A standard feature on many homes were lightening rods connected to metal roof tops, affording a good deal of protection from storms. Many homes had pyramidal roofs to allow a greater amount of run-off water to be directed into the ever present cistern.
The livery stable called the Mule Barn was a center of activity in days before the automobile. Located at 220 South 8th Street, horses and mules would be available for rent as well as a place to keep animals used in business and for general transportation. Some larger homes had stables of their own as well as servants quarters behind their homes. There were no "chain stores", all businesses being home owned and operated. It was most common to charge everything and pay at the first of the month, or when the crops came in. Bartering was also very common - - trading eggs, chickens, milk, butter, and cream for groceries, furniture, clothing, and gas and oil.

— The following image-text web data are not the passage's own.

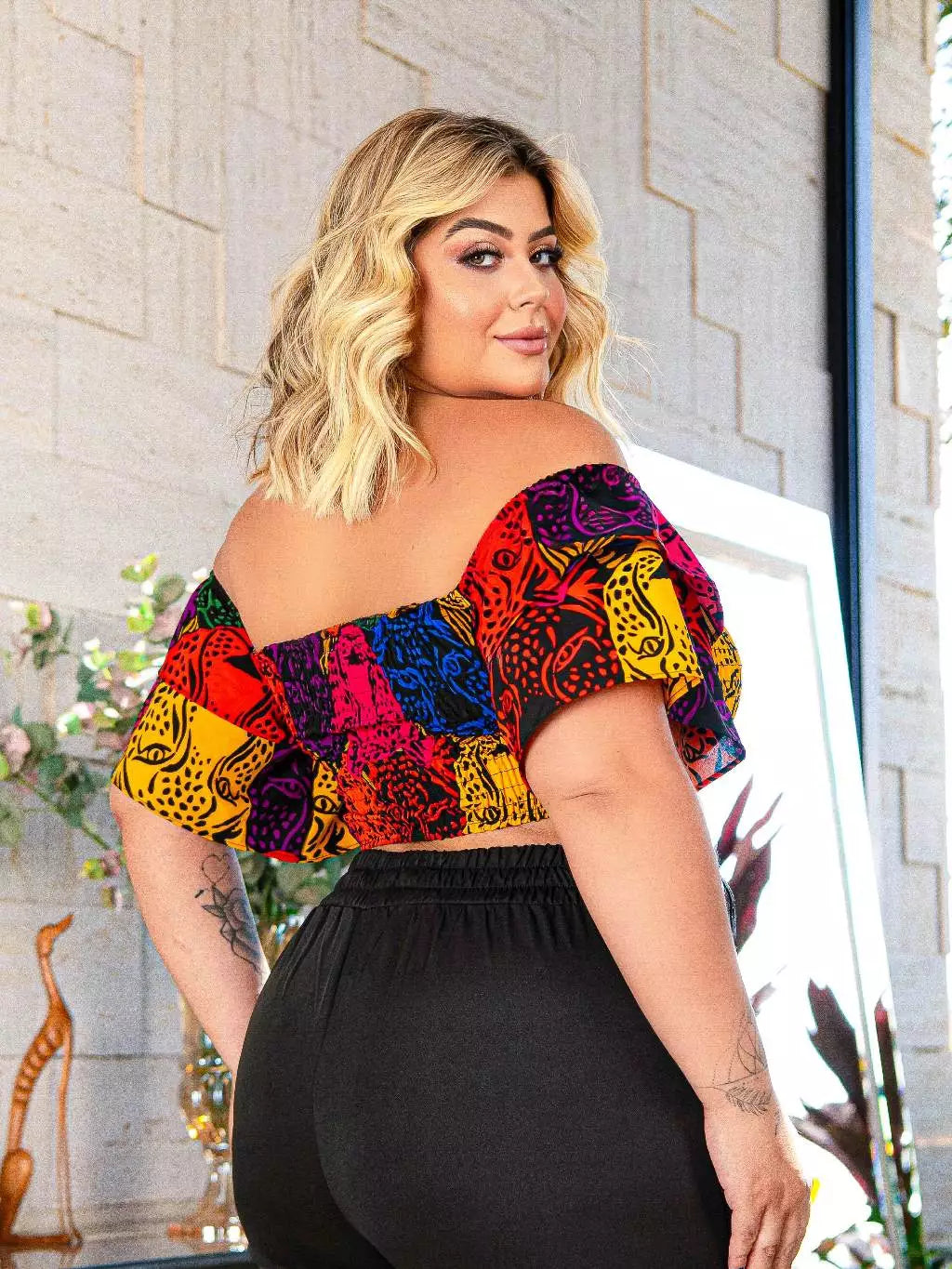 Cropped Lastex Estampa Farm Tendencia Blogueira Moda Tucano Borboleta Onca Margarida Verao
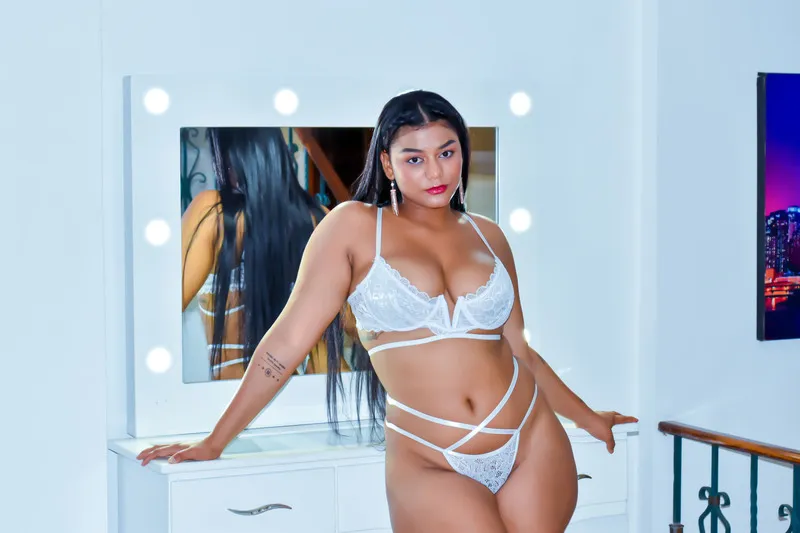 Live sex webcam photo for ParisPeach #4213248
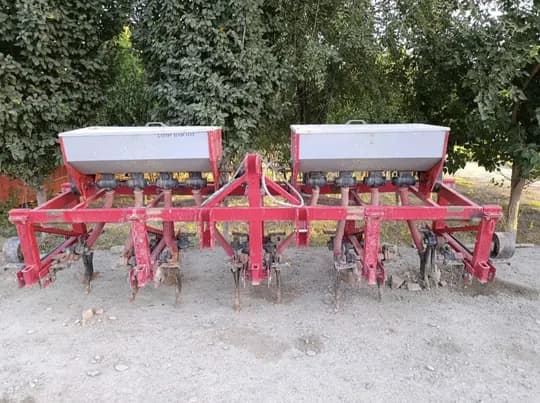 Sotiladi cultivator, Holati Zur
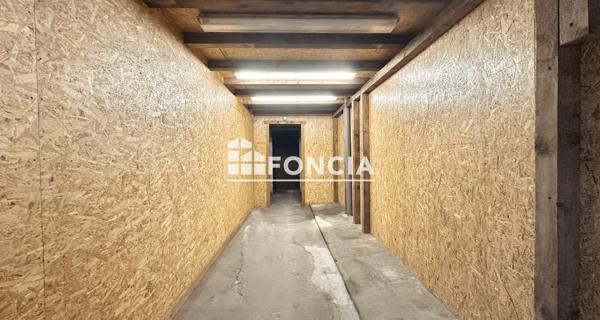 À vendre Local commercial 170.85 m² - Megève 74120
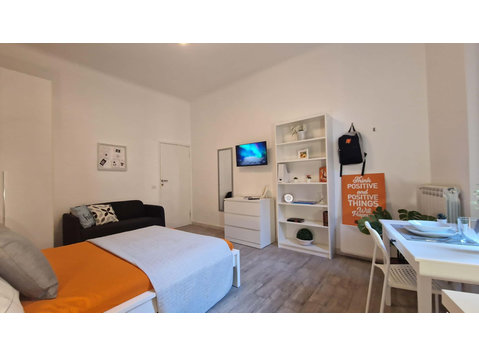 Via In Selci, 54 - Stanza 38 - Apartments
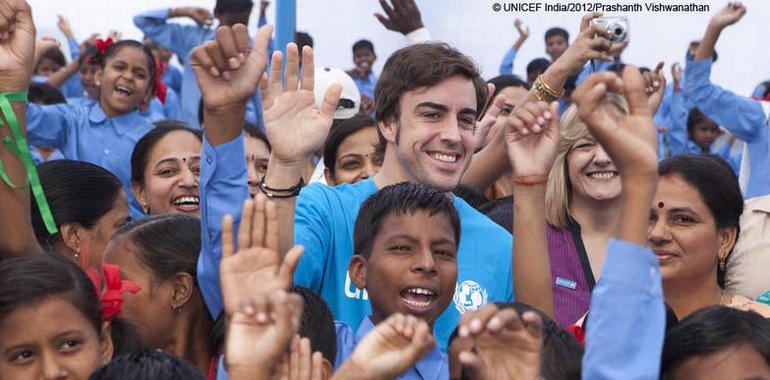 Alonso promueve el uso de jabón entre los niños indues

In 1915, the Carnegie Library was built on it's present site on land purchased from a lumber company. The entire project, land and construction, had to come in under $1o,000 to qualify for the Carnegie grant.
In 1904, the Frederick Cemetery was moved to it's present site from a site in the Benefield Addition (a part of Sunny Brook Farm). The Frederick Memorial Cemetery is a place of beauty, with the grounds and the records being well maintained.

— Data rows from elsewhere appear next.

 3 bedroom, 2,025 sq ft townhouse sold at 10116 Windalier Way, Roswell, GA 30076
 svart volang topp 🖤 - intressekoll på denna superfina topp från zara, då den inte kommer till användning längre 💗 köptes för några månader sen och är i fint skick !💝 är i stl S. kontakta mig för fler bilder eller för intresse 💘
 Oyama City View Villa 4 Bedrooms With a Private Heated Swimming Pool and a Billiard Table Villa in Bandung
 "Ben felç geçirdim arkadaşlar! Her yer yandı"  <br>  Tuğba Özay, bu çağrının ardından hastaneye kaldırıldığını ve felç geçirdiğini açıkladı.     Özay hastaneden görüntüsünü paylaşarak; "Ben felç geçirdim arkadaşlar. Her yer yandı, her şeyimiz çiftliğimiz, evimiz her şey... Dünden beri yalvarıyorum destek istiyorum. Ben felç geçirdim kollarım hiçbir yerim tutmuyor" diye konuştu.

In the early 1920's, John H. Mounts purchased more than 60 oil field homes from Burkburnett, Devol, and Grandfield and moved them into Frederick. Many were placed West of 10th Street, but some were placed on 14th Street. These houses were called "shotgun houses" because you could stand in the front door and shoot a shotgun through the back door and never hit a thing. One distinguishing feature was the very high windows for privacy.